§ **Stored data entries**:
============================================================
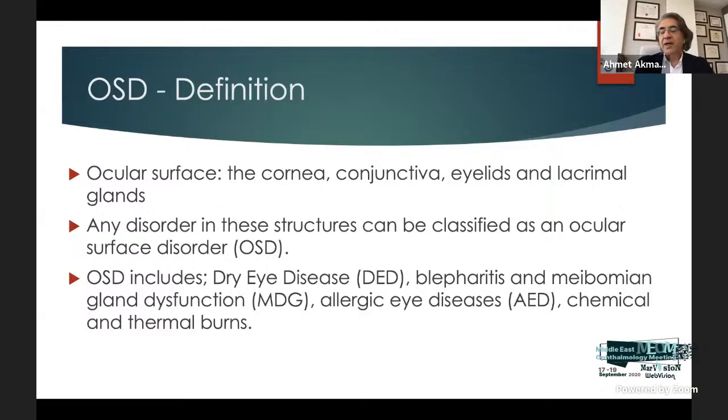Ocular surface disease is exceedingly common in the cataract-age population, and its presence and exacerbation can negatively affect IOL calculations and postoperative visual acuity. The ocular surface is defined as the cornea, conjunctiva, eyelids, and lacrimal glands — any disorder in these structures can be classified as OSD. This includes dry eye disease, blepharitis, meibomitis, meibomian gland dysfunction, allergic eye disease, and chemical burns.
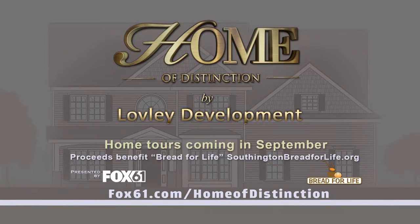Tours are coming in September and will benefit Bread for Life. For more information, head to Fox61.com/homesofdistinction.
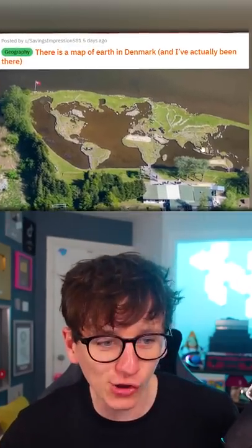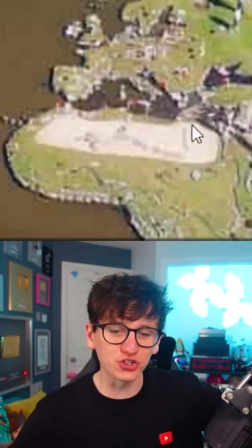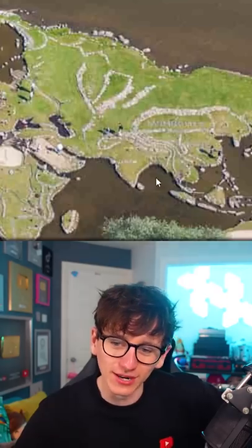There is a map of earth in Denmark. That looks incredible. Look at that — they've got Europe, they've got Africa, they've even got a little sand pit over the Sahara Desert, and then the same in the outback in Australia too. They've included the Himalayas.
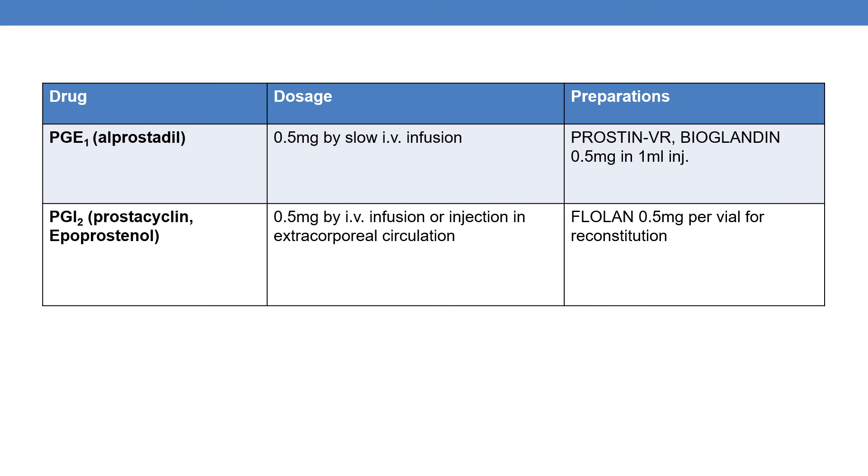These are some of the marketed products of prostaglandins. Thank you for watching. Please subscribe for further videos on pharmacological classification.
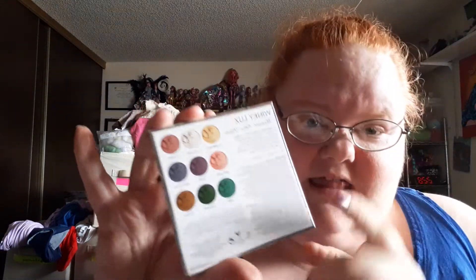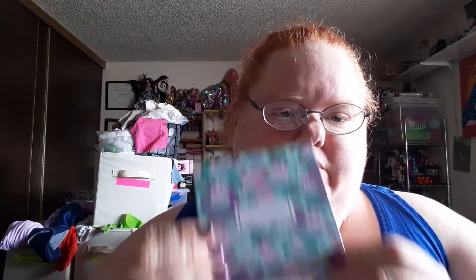You can all do the math on how much that is per shade. There were others there, but this was my favorite by far. I like the color story more. I would recommend this if you want to pay $25 for nine shades.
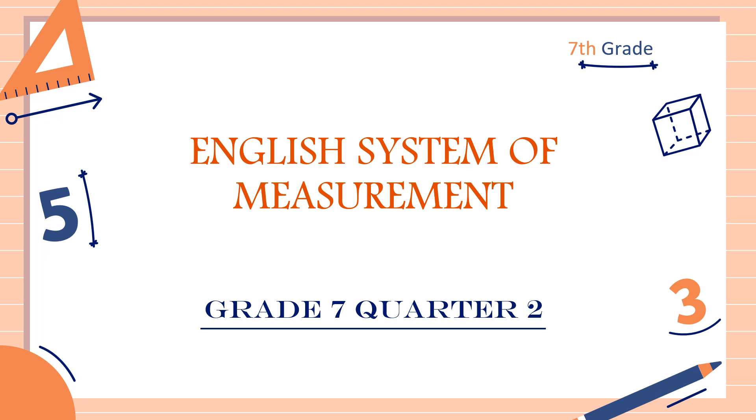Hi guys, good day, it's me, Teacher MJ. Our topic for today, class, is all about the English system of measurement. So without further ado, let's do this topic.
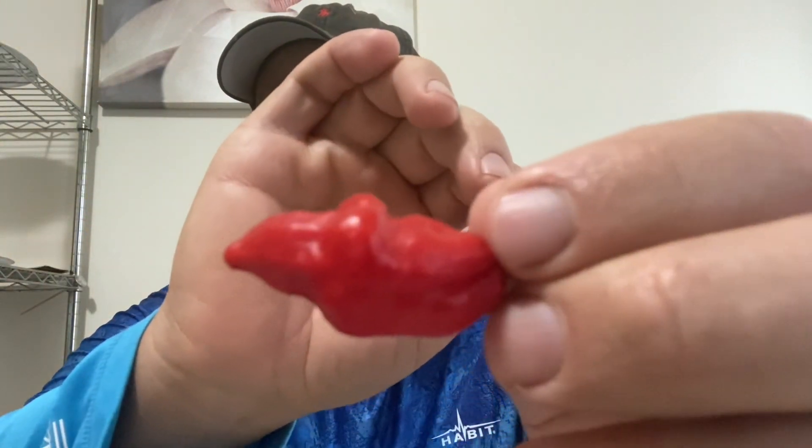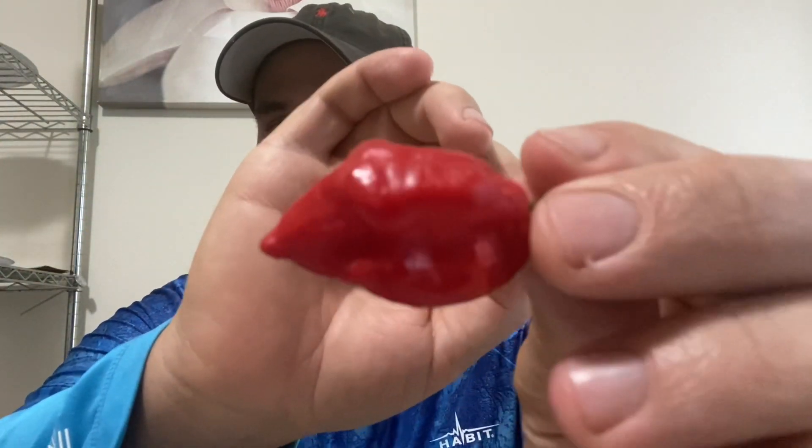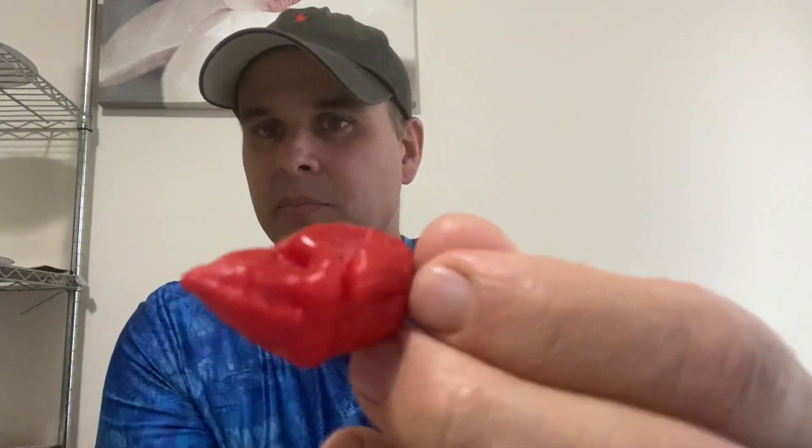This was a pepper that was bred and produced out of England by Gerald Fowler. It was said to be, at one point, the hottest super hot in the world. They come in around 1.4 million Scoville per pepper.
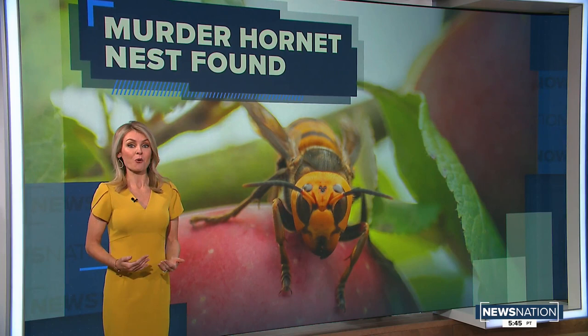Crews will be wearing protective clothing the entire time. This includes face shields because the Asian giant hornet is known to spray venom in victims' eyes. Entomologists say now that one Asian giant hornet nest has been found, there's a good chance there are others in the area.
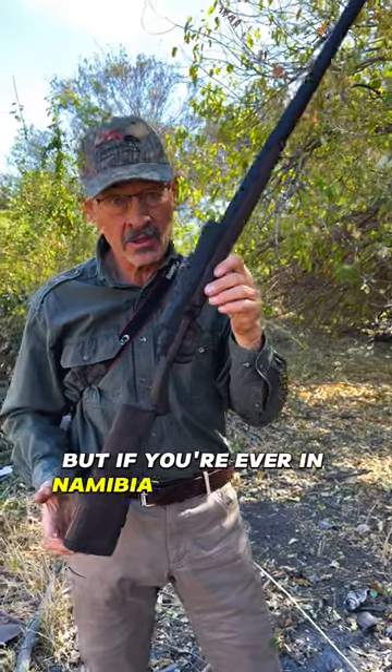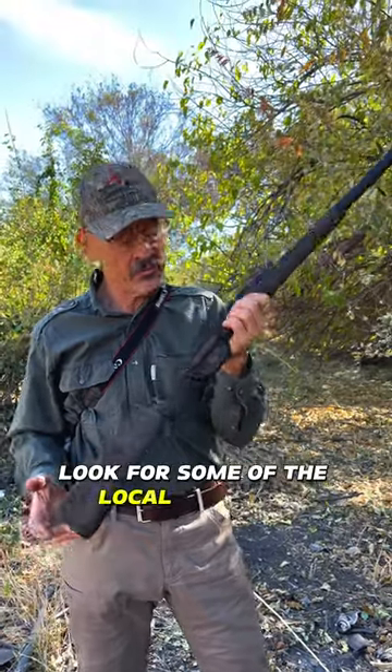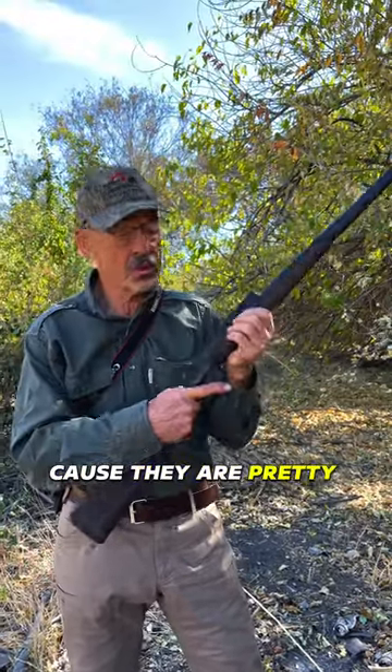But if you're ever in Namibia in the Caprivi Strip, look for some of the local firearms because they are pretty unusual.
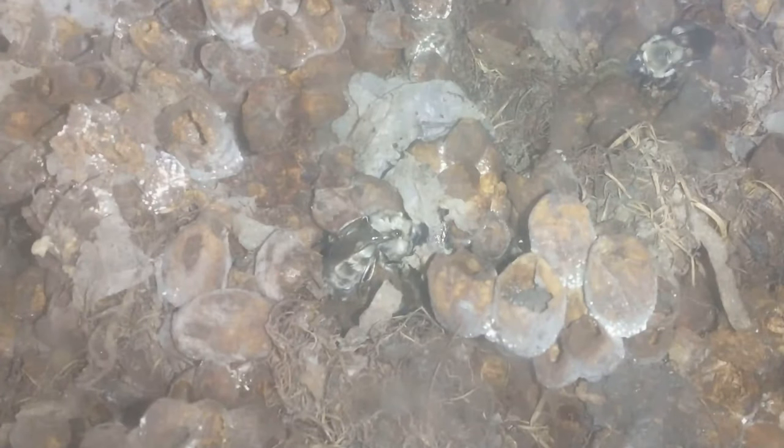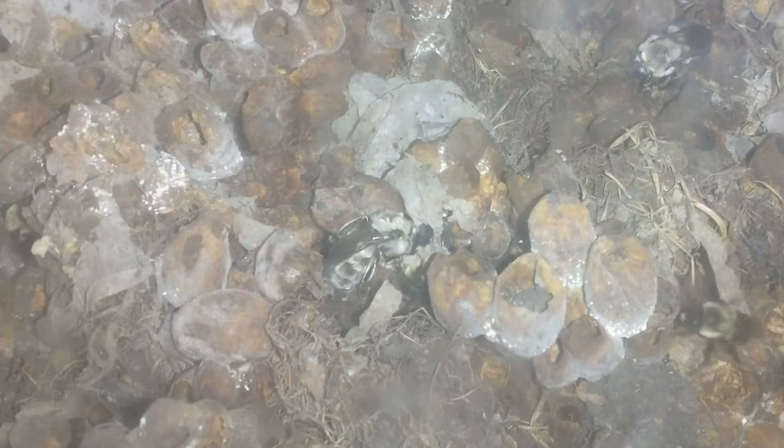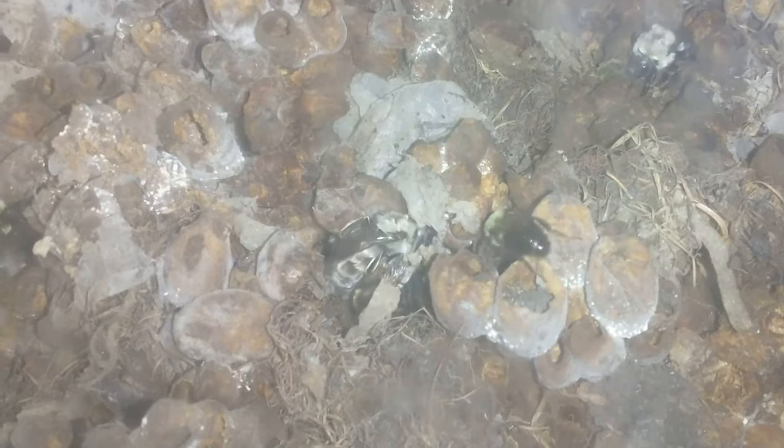These new queens will be hatching all the time. This one is super young — just hatched. They'll be hatching throughout the time, and they'll spend their time on the comb until they're old enough, and then they will fly out.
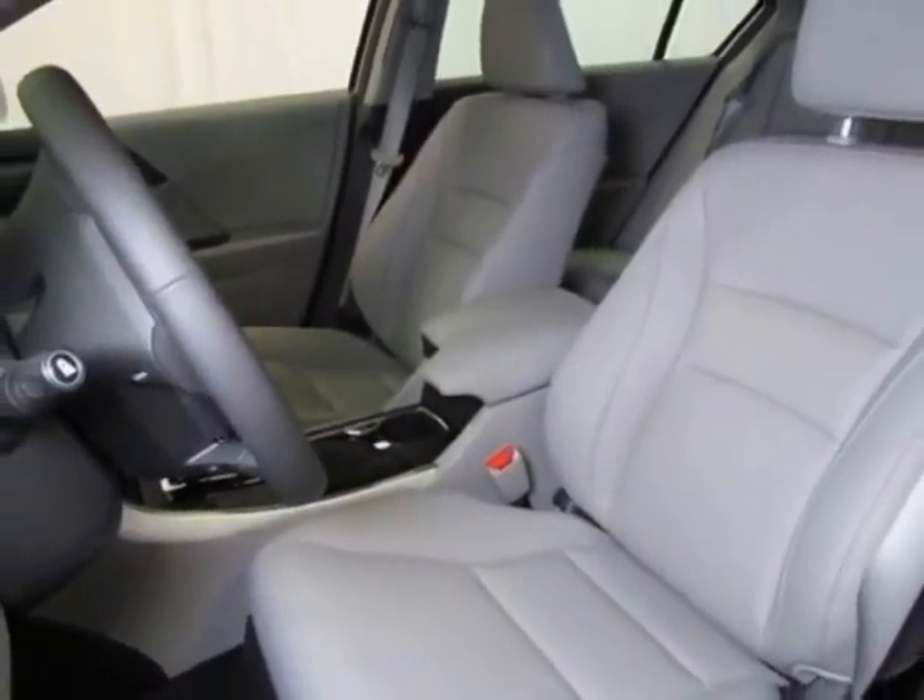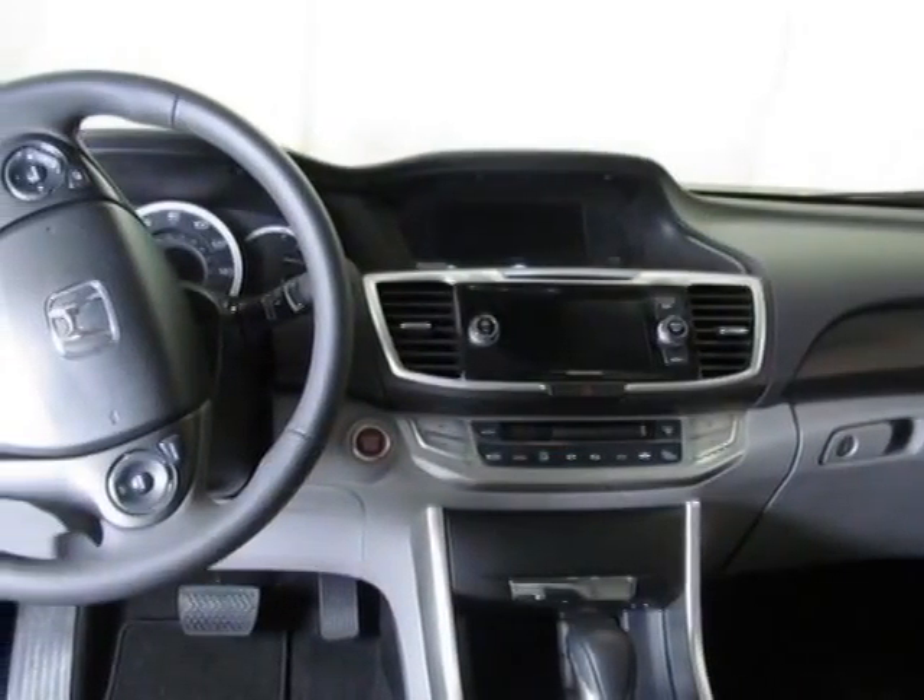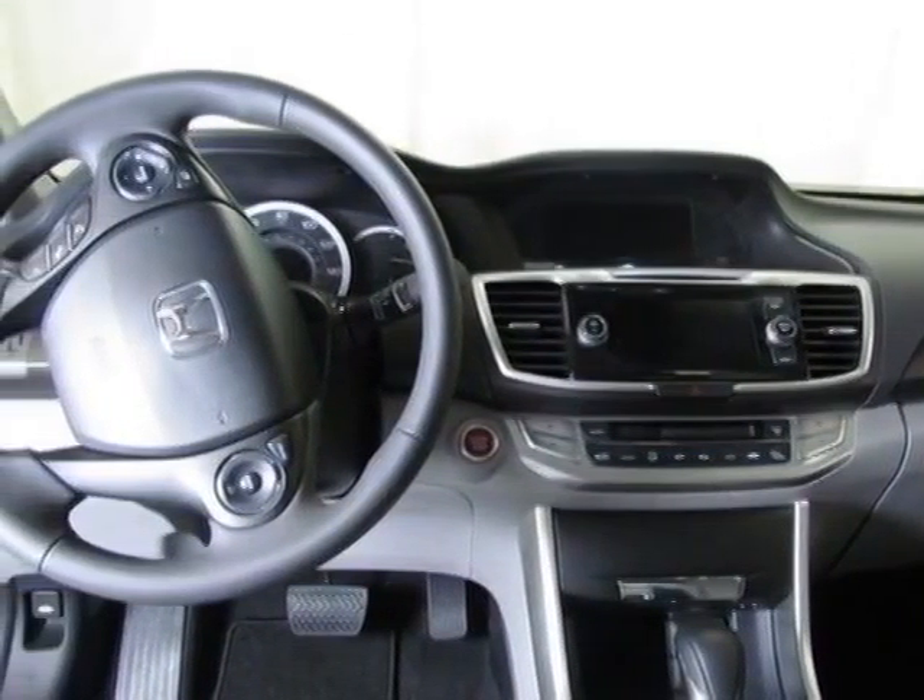This Accord boasts a 2.4 liter engine and has a CVT transmission.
============================================================
§ **YOUR GOAL**: Reproduce only the lines from the line that holds "But if you're" through the end of the records, exactly as they stand, both ends included and pictures excluded.

§ **REPLY TO THE TASK**:
But if you're ever in Namibia in the Caprivi Strip, look for some of the local firearms because they are pretty unusual.
These new queens will be hatching all the time. This one is super young — just hatched. They'll be hatching throughout the time, and they'll spend their time on the comb until they're old enough, and then they will fly out.
This Accord boasts a 2.4 liter engine and has a CVT transmission.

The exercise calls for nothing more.